■ Aim of the exercise ■
Repeat the records below exactly, from the first line through the line containing "HELP!!! graph and", and leave out any pictures.

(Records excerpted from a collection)

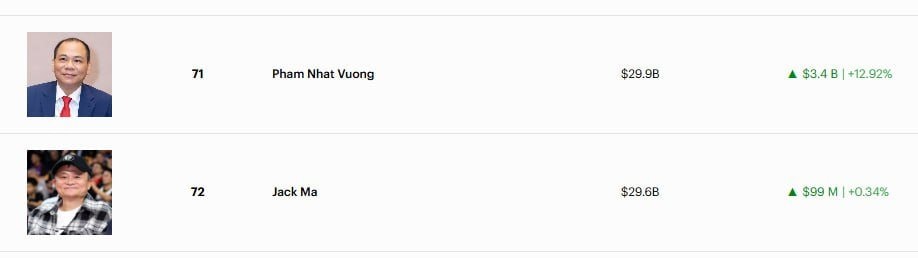 &Ocirc;ng Phạm Nhật Vượng gi&agrave;u hơn Jack Ma- Ảnh 3.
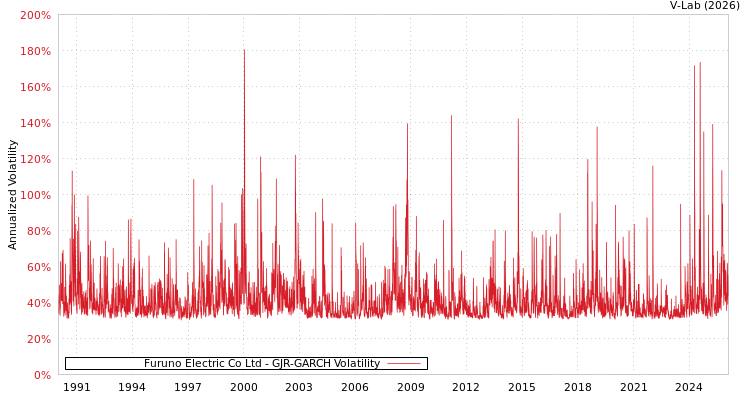 graph of Furuno Electric Co Ltd GJR-GARCH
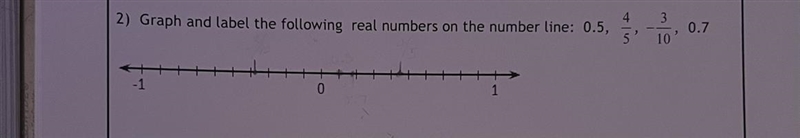 HELP!!! graph and label the following real numbers on the number line:-example-1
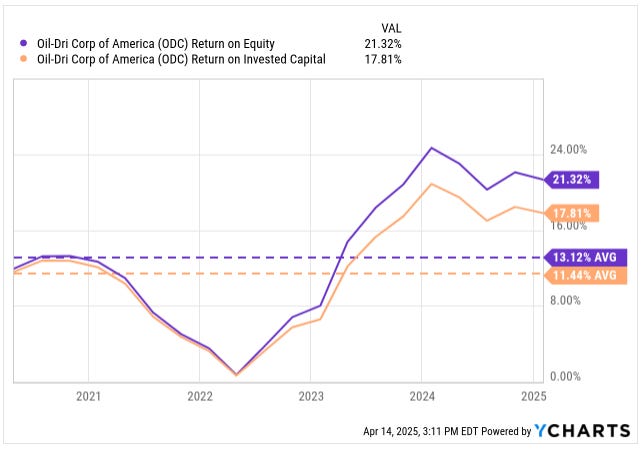 YCharts graph of Oil-Dri Corporation of America (ODC) return on equity (ROE) and return on invested capital (ROIC) from 2020 to April 2025 showing strong improvement to 21.32% ROE and 17.81% ROIC versus historical averages — featured in an ODC deep dive article on capital efficiency and shareholder value creation.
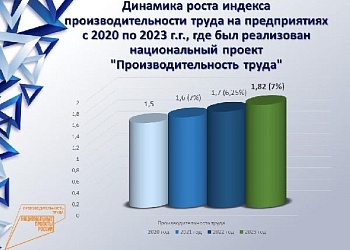 В 2023 году  рост индекса производительности труда по отношению к 2022 году составил 7%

■ Output for this task ■
 &Ocirc;ng Phạm Nhật Vượng gi&agrave;u hơn Jack Ma- Ảnh 3.
 graph of Furuno Electric Co Ltd GJR-GARCH
 HELP!!! graph and label the following real numbers on the number line:-example-1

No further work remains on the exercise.